広島世界平和ミッション インド編 国家と市民 武力誇示 陰に貧困

最低生活も保障なく

 国家と市民―。二つの言葉は、決して対立するものではないだろう。だが、しばしば二つの間には大きな溝ができるものだ。

 一月二十六日。インドの共和国憲法が公布された記念日に、広島世界平和ミッション(広島国際文化財団主催)の第五陣一行は、首都デリーで毎年繰り広げられる祝賀パレードに出かけた。

 直前の津波被害に配慮して「自粛ムード」とされた今回。しかし、陸海空軍や警察隊の勇ましい行進、戦車、ミサイル、戦闘機などインドの軍事力を誇示する軍事パレードに加え、各州をアピールするカラフルな山車の登場は、私たちの目には十分すぎるほど派手だった。

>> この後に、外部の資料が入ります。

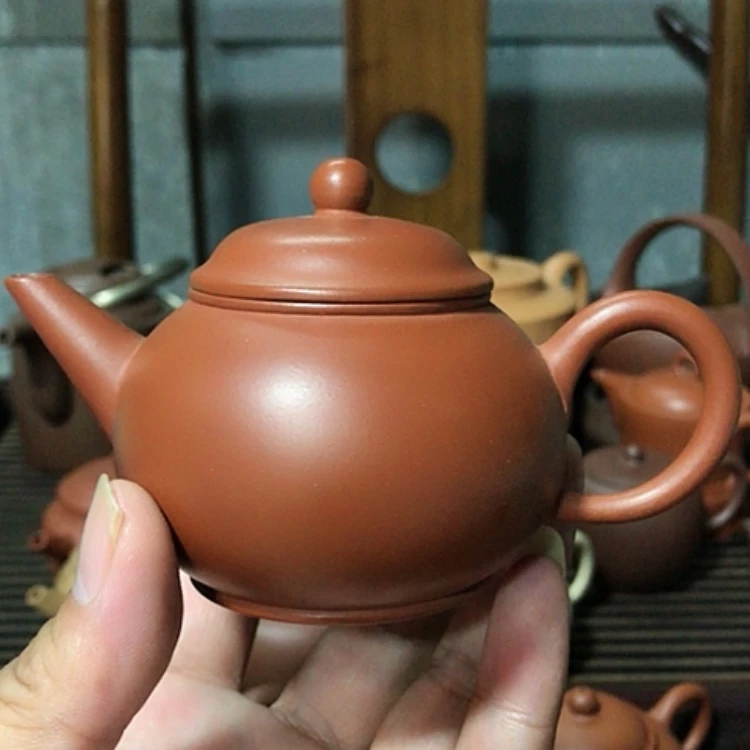 【闪购商品】茶壶紫泥于人而言……天然淡水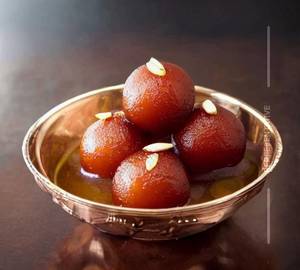 MIni Gulab Jamun
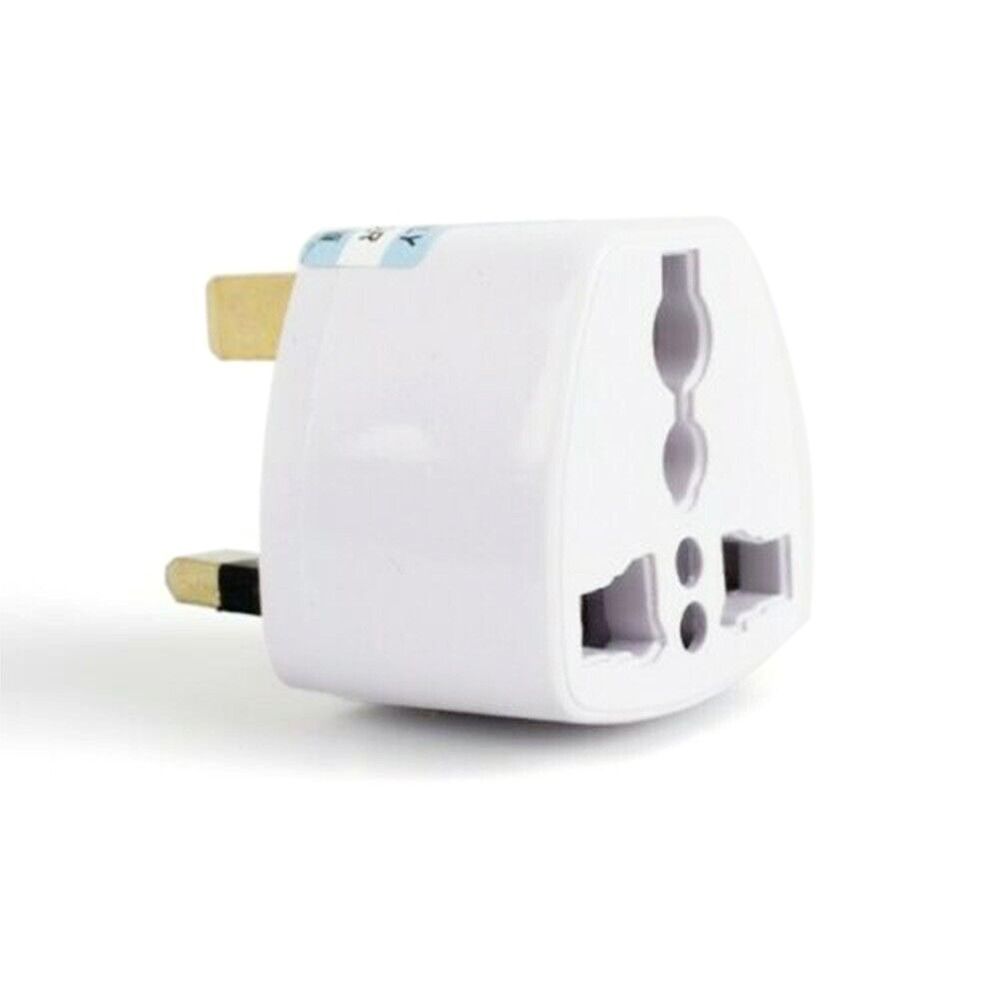 3 шт. Универсальный Для Путешествий Адаптер Переходник 3-контактная Вилка Электрическая Розетка Розетка Питания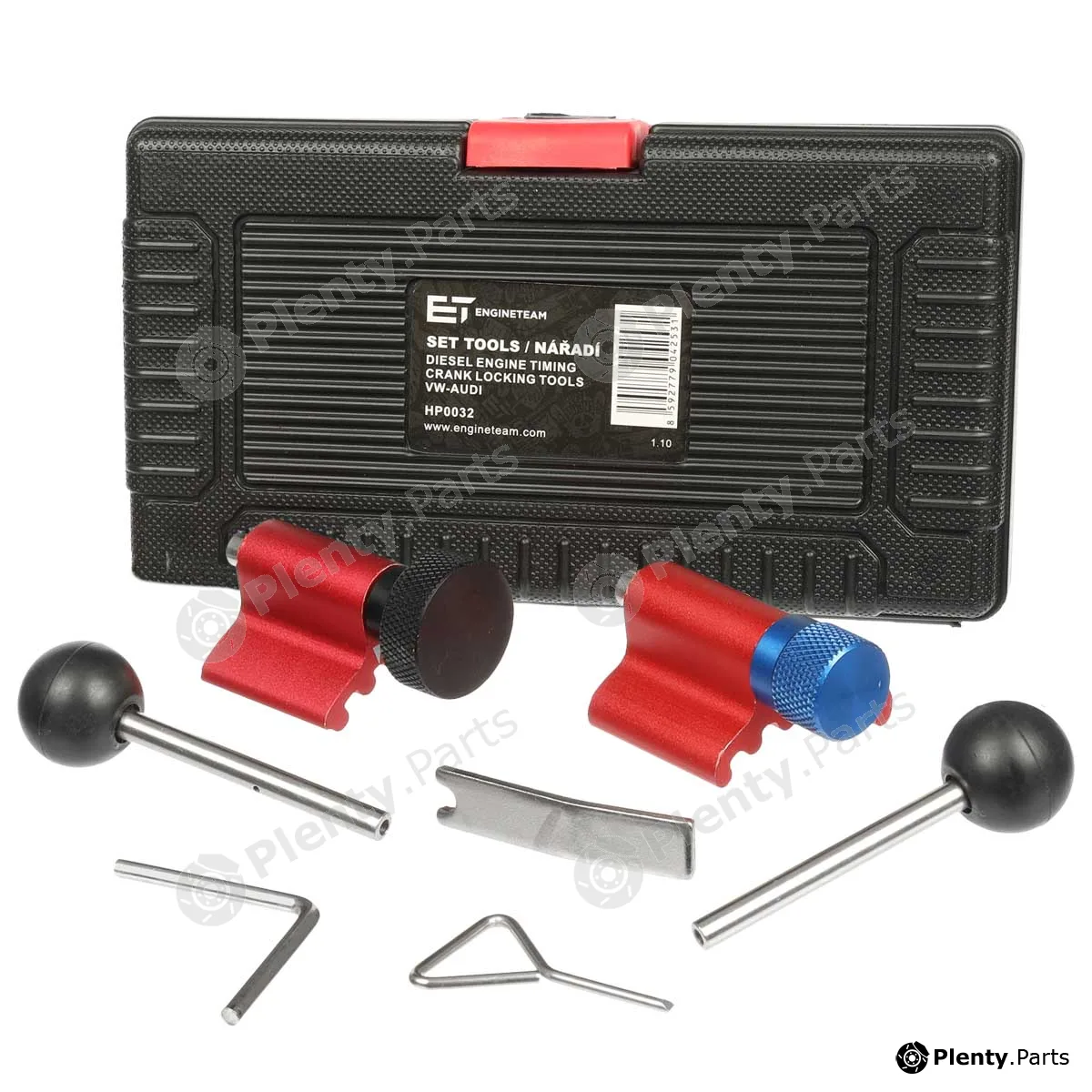 Et Engineteam HP0032 — Mounting Tools, timing belt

 一方で街を歩くと、どこにも貧しい人たちの姿が目につく。その日を生き延びるのが精いっぱいの人たち。そのしわ寄せは、子どもたちの上にもかかる。

 多額の国家財政を投入し、「軍事力」に象徴される国家の下で、最低限の暮らしも保障されずに生きるのが平和なのか…。そんな素朴な疑問に駆られながら目にしたインドの一面を写真で紹介する。